Heating up the refrigeration industry

A recent report on Pakistan’s refrigerator industry by Pakistan Business Council, the first in PBC’s series of sectoral studies, warrants attention. With no more than 2-3 percent of local demand being met by imported refrigerator, Pakistan domestic production meets the country’s current annual demand as well as demand in the near future given that the average capacity utilization stands at around 75-80 percent as per industry estimates gathered by the PBC. For a labour intensive industry such as refrigerator, one would have thought Pakistan should be able to export surplus capacity. Only that it hasn’t been able to.

According the PBC’s report, titled “Enhancing the Competitiveness of Pakistan’s Refrigerator Industry”, the breakup of the cost of producing a refrigerator in Pakistan is roughly as follows: (a) utilities: 5 to 7%; (b) labor cost: 3 to 5 %; (c) raw material: 70 to 80%, and (d) overheads 8 to 12 % where variation within these ranges varies from one manufacturer to another.

Monthly Production of Refrigerators

This implies that cheap labour isn’t quite Pakistan’s strength; nor is the fact that Pakistan’s labour productivity growth between 2010-2017 was merely 0.3 percent as against 0.7 percent in the case of India, and 2.4 percent in the case of China.

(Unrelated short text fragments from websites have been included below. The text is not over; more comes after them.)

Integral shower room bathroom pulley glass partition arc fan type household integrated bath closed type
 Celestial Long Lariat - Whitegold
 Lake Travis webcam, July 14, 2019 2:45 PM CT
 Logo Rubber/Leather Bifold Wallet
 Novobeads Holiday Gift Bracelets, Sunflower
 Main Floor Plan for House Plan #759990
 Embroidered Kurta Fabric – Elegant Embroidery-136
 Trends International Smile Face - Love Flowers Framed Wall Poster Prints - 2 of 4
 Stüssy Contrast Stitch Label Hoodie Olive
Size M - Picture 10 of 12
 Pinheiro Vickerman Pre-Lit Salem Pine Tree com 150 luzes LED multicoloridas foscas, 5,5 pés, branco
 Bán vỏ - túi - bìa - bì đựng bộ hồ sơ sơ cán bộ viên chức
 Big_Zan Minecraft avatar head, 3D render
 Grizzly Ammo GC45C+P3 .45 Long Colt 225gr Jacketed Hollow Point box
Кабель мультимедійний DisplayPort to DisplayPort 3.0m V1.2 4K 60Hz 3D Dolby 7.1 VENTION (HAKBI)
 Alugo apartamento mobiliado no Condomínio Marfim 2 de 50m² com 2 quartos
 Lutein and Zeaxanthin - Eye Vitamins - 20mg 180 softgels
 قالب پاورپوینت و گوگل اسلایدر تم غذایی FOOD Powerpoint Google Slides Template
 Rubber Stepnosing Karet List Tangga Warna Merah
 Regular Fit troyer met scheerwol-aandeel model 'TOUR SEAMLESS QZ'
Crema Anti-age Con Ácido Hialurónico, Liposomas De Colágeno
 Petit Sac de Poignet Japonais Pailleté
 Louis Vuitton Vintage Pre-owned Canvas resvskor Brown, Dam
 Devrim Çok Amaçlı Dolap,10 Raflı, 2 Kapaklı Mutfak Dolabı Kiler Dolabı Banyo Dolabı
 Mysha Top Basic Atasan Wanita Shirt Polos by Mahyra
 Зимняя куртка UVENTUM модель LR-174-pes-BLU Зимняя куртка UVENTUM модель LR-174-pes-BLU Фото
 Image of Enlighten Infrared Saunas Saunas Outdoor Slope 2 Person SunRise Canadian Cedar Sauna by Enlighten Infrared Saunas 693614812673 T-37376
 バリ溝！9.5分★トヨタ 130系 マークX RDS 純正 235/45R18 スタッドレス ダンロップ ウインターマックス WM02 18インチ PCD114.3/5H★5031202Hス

The cost breakup also implies that Pakistan’s higher cost of electricity and gas isn’t also the reason why the country has been unable to export such a not so sophisticated engineering product.

Considering that about 85 percent of raw materials need to produce refrigerators are imported in Pakistan, one might have thought that perhaps a flawed duty structure is the reason why the country hasn’t been able to become a assembling hub for refrigerators. Then again, as PBC notes, most imported raw materials are correctly classified hence there is no duty on them, with the exception of cold-rolled tempered glass.

One of the biggest impingements is Pakistan’s low economies of scale. For instance, the minimum production capacity of a compressor factory is 15 million units per year, which is many times Pakistan’s refrigerator demand of 1.2 to 1.6 million tons per year. Scale is the reason why locally produced or assembled inputs make up to 75 percent of India’s refrigerator production; India’s refrigerator production is 11 times higher than Pakistan’s whereas China’s is 12 times higher. Volume, therefore, is the key.

Monthly Production of Refrigerators

One way to increase volume is to increase local demand, where one option is to lower the rate of sales on refrigerator – after all, its not a luxury in today’s day and age. Other options include encouraging value-added packaged foods industry and the rolling out China-like ‘old for new’ policy with the idea of promoting energy saving technology that will kill two birds with one stone.

Building up on local demand growth may also pave way to find suitable scale to be able to export at competitive prices where, as the PBC advocates, there is a need to help local producers find markets in underdeveloped countries and regions which are not currently being catered by big global players that mostly produce frost-free refrigerators. But for that, domestic firms might have to invest in research and development alongside brand development since home appliances purchases are driven significantly by the power of brand.